▶ Work task
The line containing "Callicorixa praeusta, a lesser water boatman" marks the start. Restate it and every following line through the end of the records exactly, and nothing else, leaving out the pictures.

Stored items
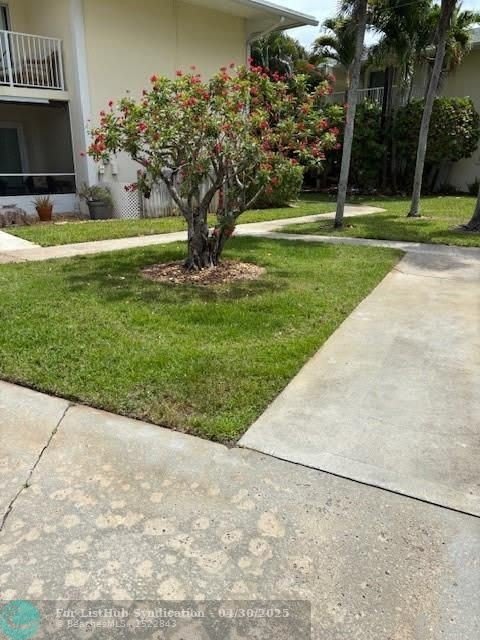 805 Hummingbird Way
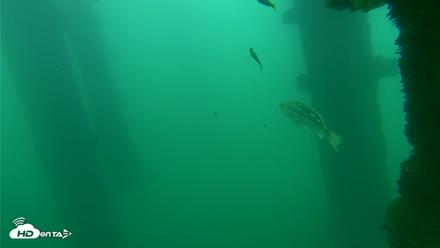 Scripps Pier Underwater Live Webcam - Oct 10, 2026, 2:49pm PDT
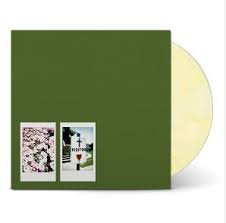 John Moreland - Visitor | LP -Coloured vinyl-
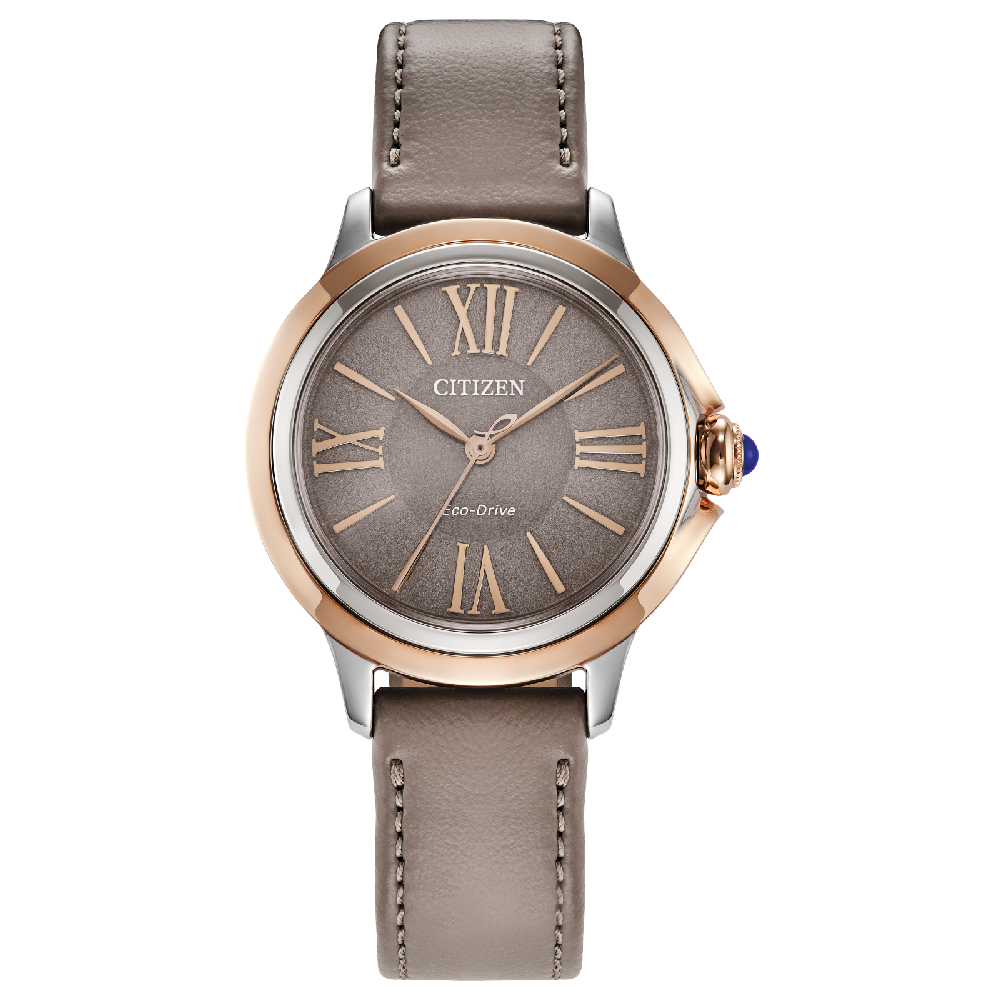  - EM1166-01Z - Citizen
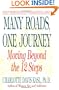 Many Roads One Journey: Moving Beyond the 12 Steps
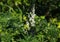 Lupinus albus - wild white lupine plant and flower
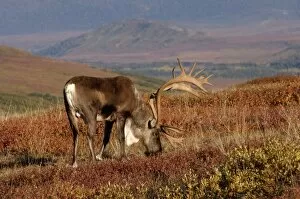 Images Dated 3rd September 2005: caribou, Rangifer tarandus, bull feeding on fall vegetation in Denali National Park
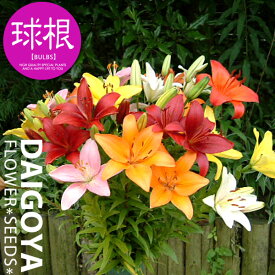 ユリ アジアティックミックス （3種混合）【球根】3球入り袋詰め スカシ混合
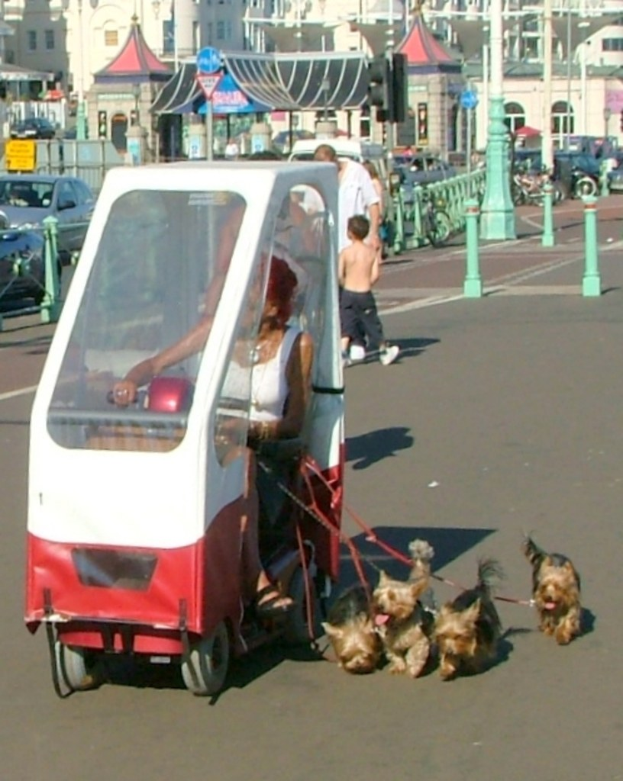 Eine Person in einem Fahrzeug sitzend, die Leinen von Hunden hält, mit Gebäuden und anderen Fahrzeugen im Hintergrund.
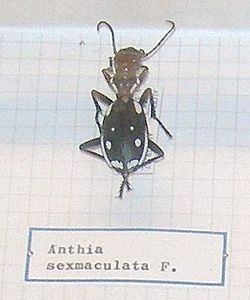  Anthia sexmaculata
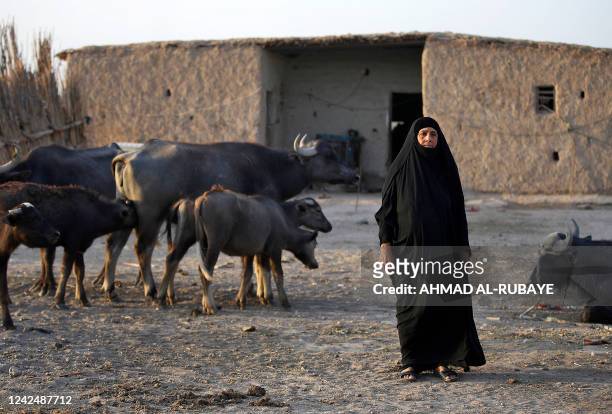Woman tends to her water buffaloes while grazing in the Hawiza marsh near the city of al-Amarah in southern Iraq on July 27, 2022. - The reputed home...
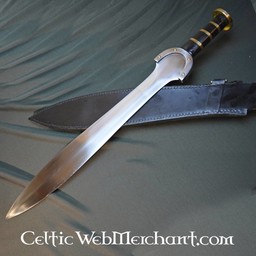 Celtic Hallstatt sword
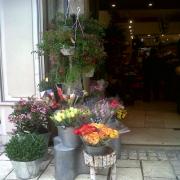 Livraison de fleurs a Uzes Livraison de fleurs a Uzes|499-499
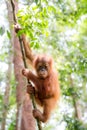 Cute Orangutan baby Sumatra Royalty Free Stock Photo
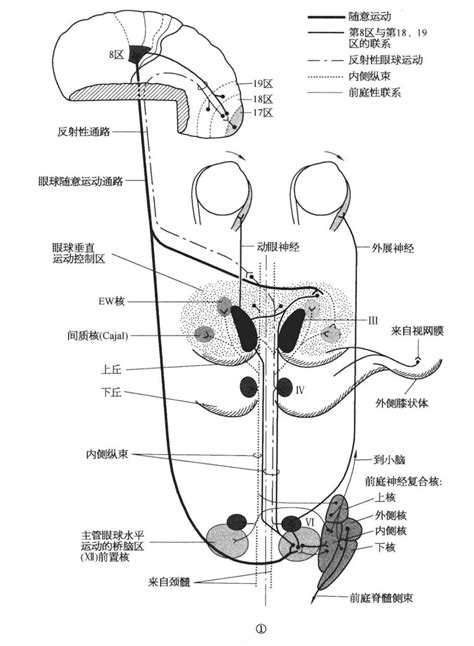 09年1月11日 的图像结果
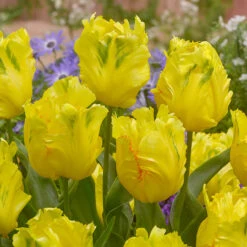 Collection Of Yellow Tulips Collection Of Yellow Tulips -Plant Flower Store Collection of Yellow Tulips 1021391 5 11380.1654850729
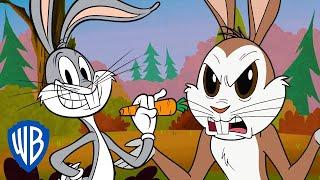 Looney Tunes  Is Bugs Bunny a Real Rabbit?  WB Kids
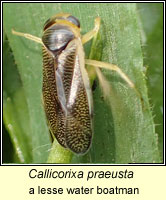Callicorixa praeusta, a lesser water boatman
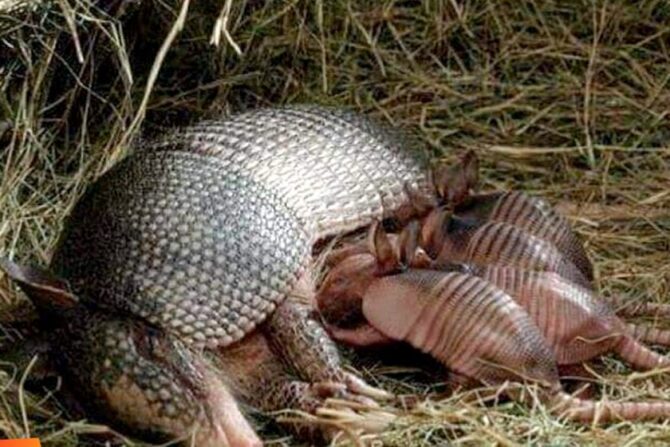 Four baby armadillos being suckled by their mother.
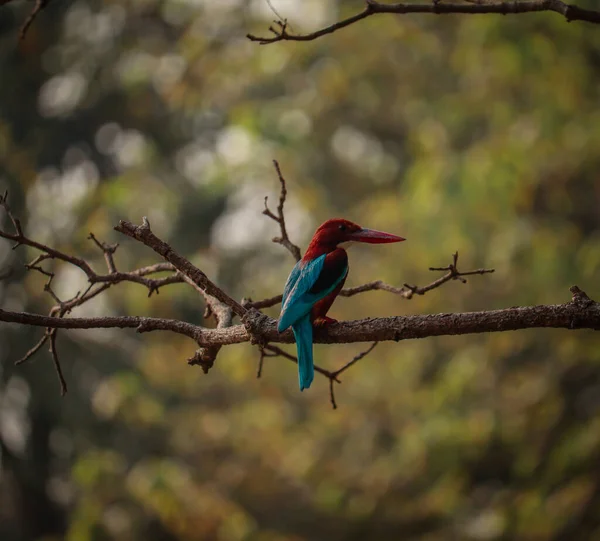 Common Kingfisher Waiting Meal Pond Rabindra Sarobar Lake Kolkata — Stock Photo, Image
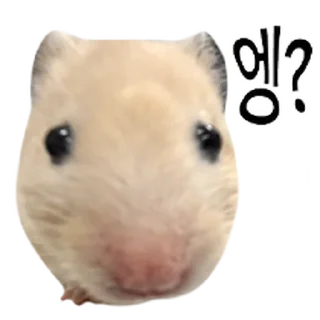 Sticker 🫥 어쩔햄스터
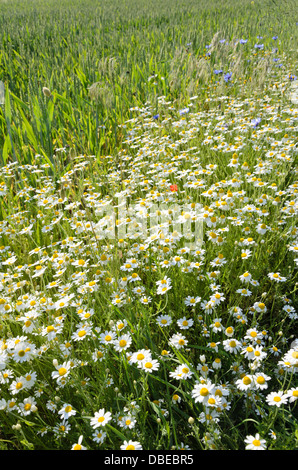 Chanomile allemand matricaria recutita (Matricaria chamomilla) syn. Banque D'Images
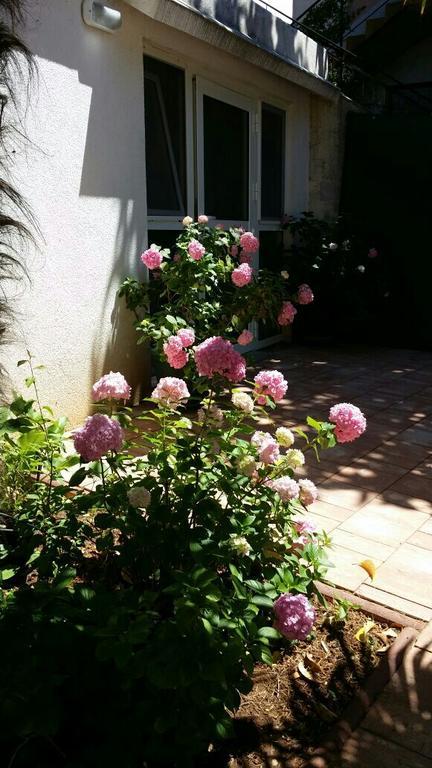 Apartments Palm House Rovinj Exterior photo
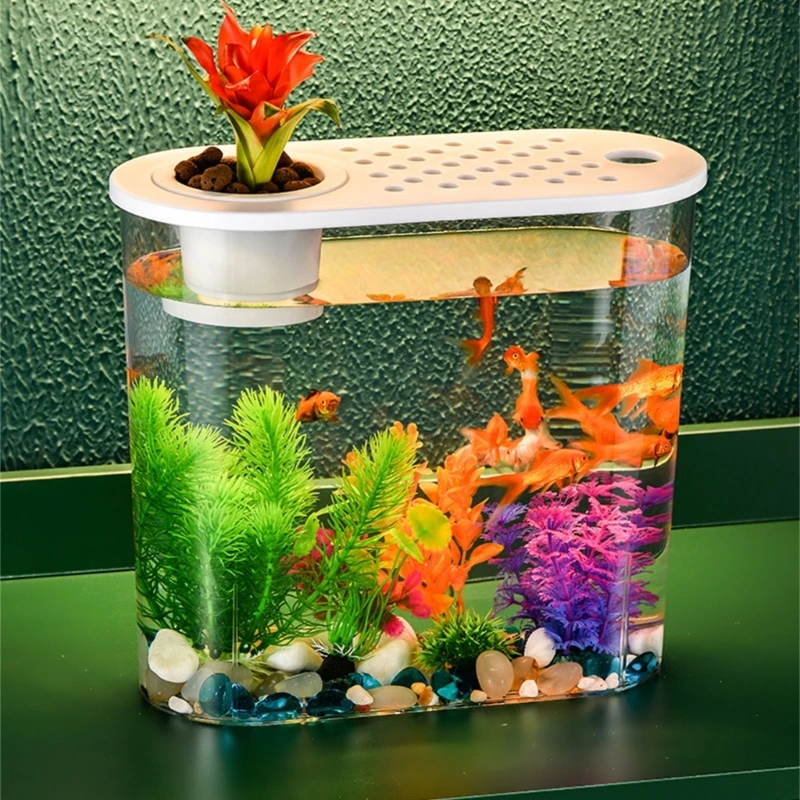 

Small Fish Bowl with Lid for Fish Planting Home Office Decoration for Obervation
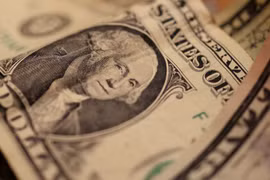 Những đồng dollar - ảnh minh họa Sputnik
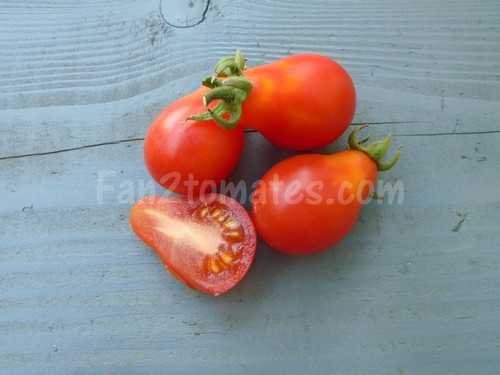 tomate poire rouge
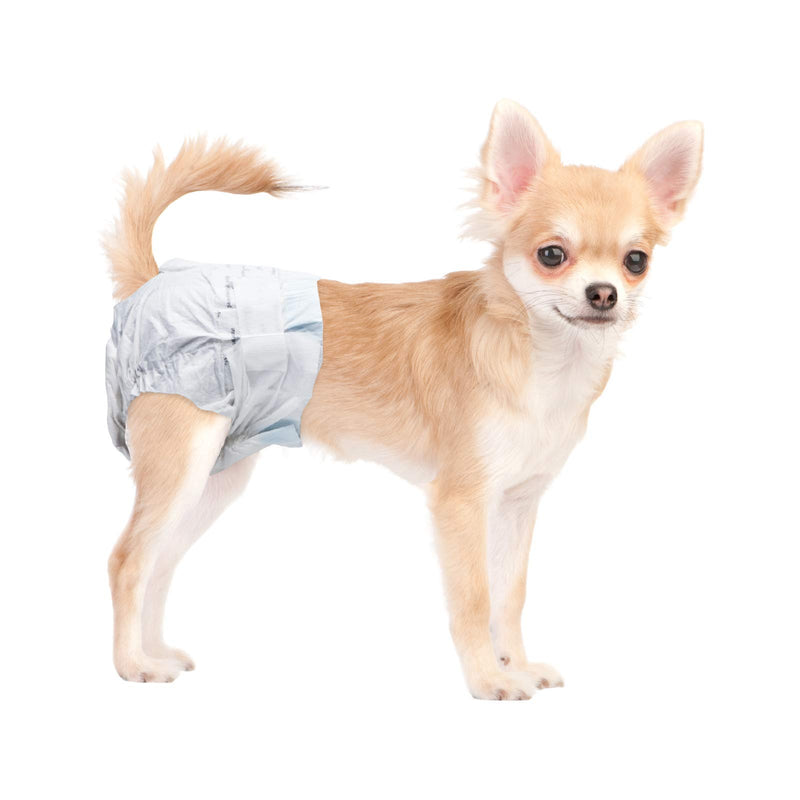 [Australia] - Paw Inspired Disposable Dog Diapers | Female Dog Diapers Ultra Protection | Puppy Diapers, Diapers for Dogs in Heat, or Dog Incontinence Diapers 12 Count X-Small 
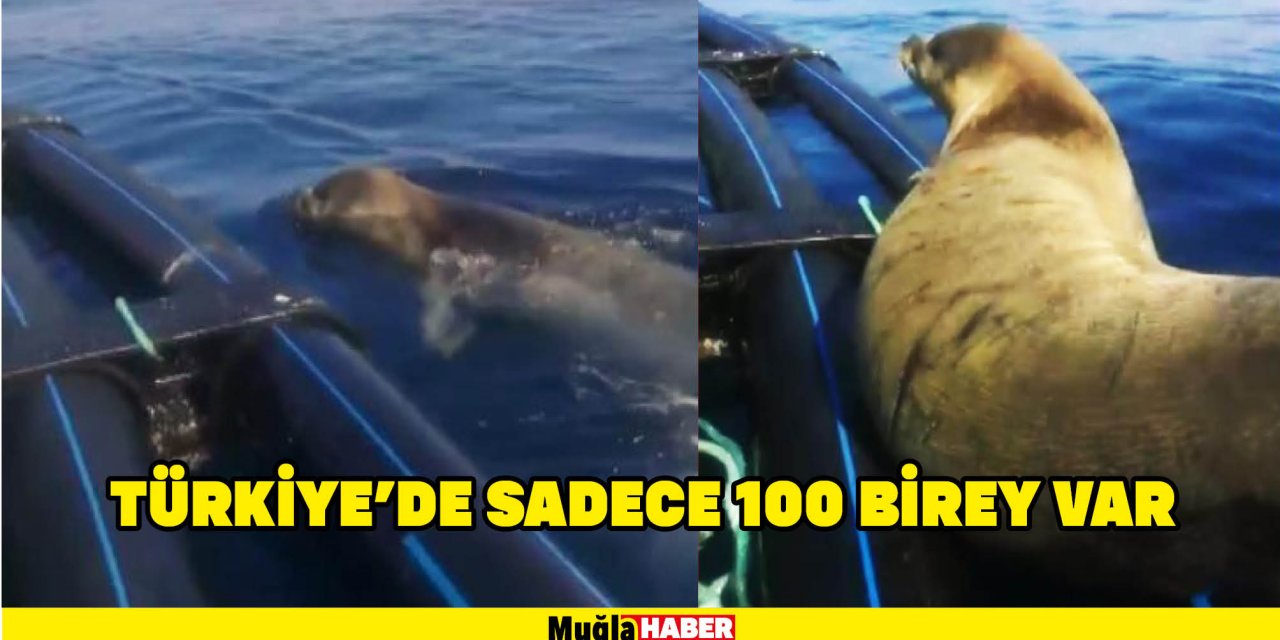 TÜRKİYE'DE SADECE 100 BİREY VAR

▶ Task answer
Callicorixa praeusta, a lesser water boatman
 Four baby armadillos being suckled by their mother.
 Common Kingfisher Waiting Meal Pond Rabindra Sarobar Lake Kolkata — Stock Photo, Image
 Sticker 🫥 어쩔햄스터
 Chanomile allemand matricaria recutita (Matricaria chamomilla) syn. Banque D'Images
 Apartments Palm House Rovinj Exterior photo

Small Fish Bowl with Lid for Fish Planting Home Office Decoration for Obervation
 Những đồng dollar - ảnh minh họa Sputnik
 tomate poire rouge
 [Australia] - Paw Inspired Disposable Dog Diapers | Female Dog Diapers Ultra Protection | Puppy Diapers, Diapers for Dogs in Heat, or Dog Incontinence Diapers 12 Count X-Small 
 TÜRKİYE'DE SADECE 100 BİREY VAR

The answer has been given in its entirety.